Supplied data >>
* * * * * * * * *
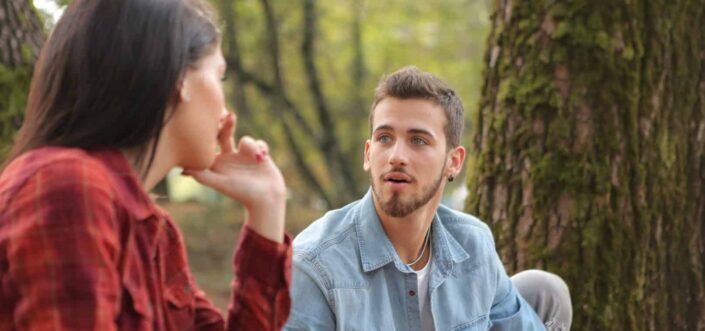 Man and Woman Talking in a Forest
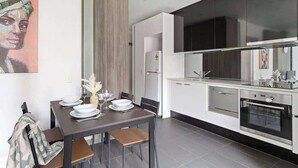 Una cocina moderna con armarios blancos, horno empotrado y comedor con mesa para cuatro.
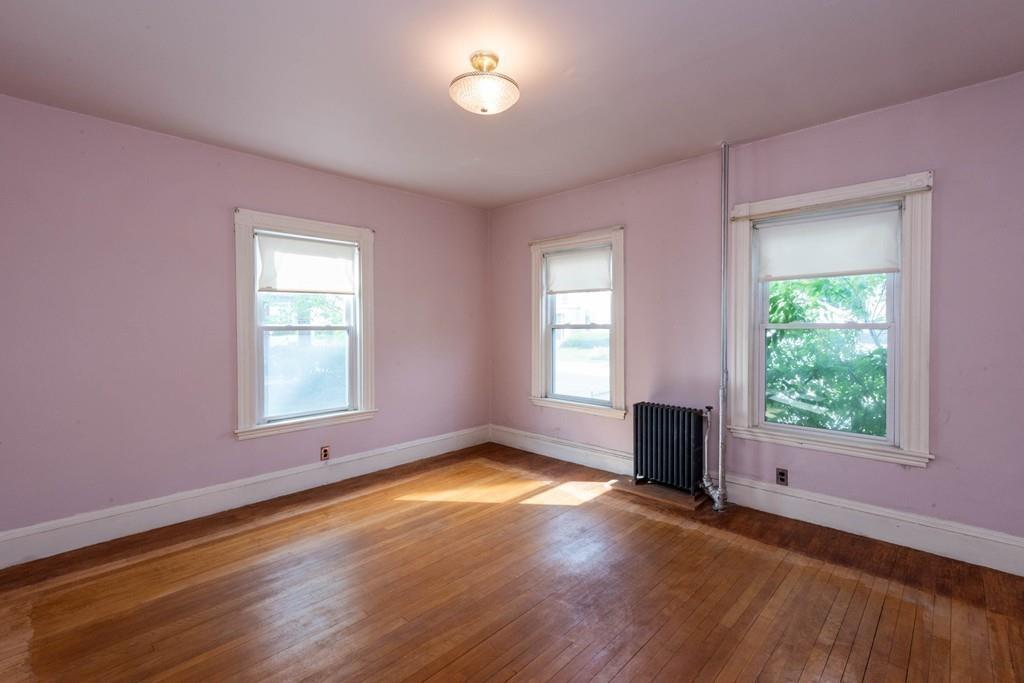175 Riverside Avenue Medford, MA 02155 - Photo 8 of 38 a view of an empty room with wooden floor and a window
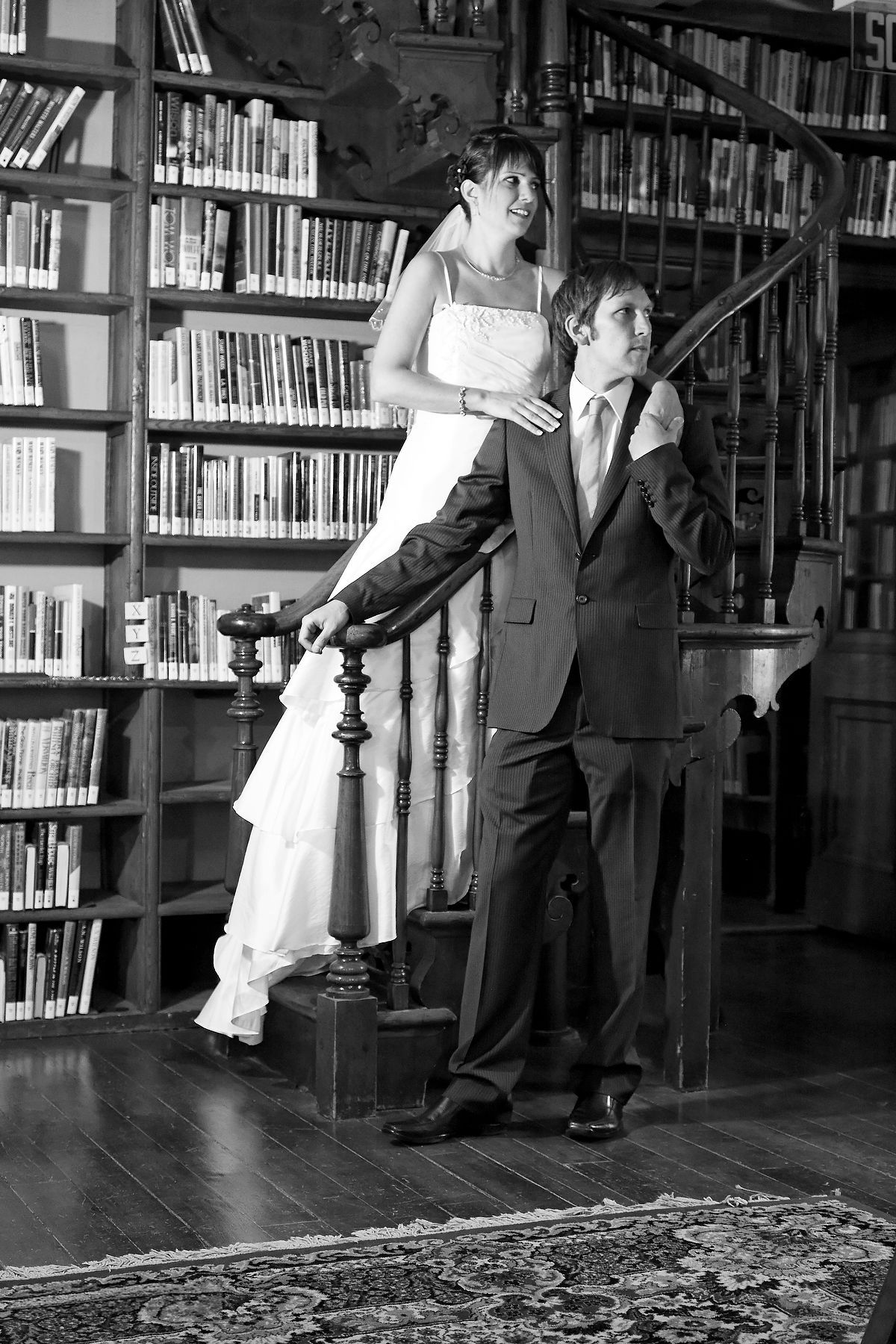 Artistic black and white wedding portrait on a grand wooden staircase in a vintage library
* * * * * * * * *
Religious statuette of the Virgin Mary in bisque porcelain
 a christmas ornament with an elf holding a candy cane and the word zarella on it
* * * * * * * * *
Work instruction >> Range to print from the listing above: from the line with "Man and Woman Talking in a Forest" up to and including the line with "Artistic black and". Please print those lines exactly, with no pictures and nothing more.

Response below >>
 Man and Woman Talking in a Forest
 Una cocina moderna con armarios blancos, horno empotrado y comedor con mesa para cuatro.
175 Riverside Avenue Medford, MA 02155 - Photo 8 of 38 a view of an empty room with wooden floor and a window
 Artistic black and white wedding portrait on a grand wooden staircase in a vintage library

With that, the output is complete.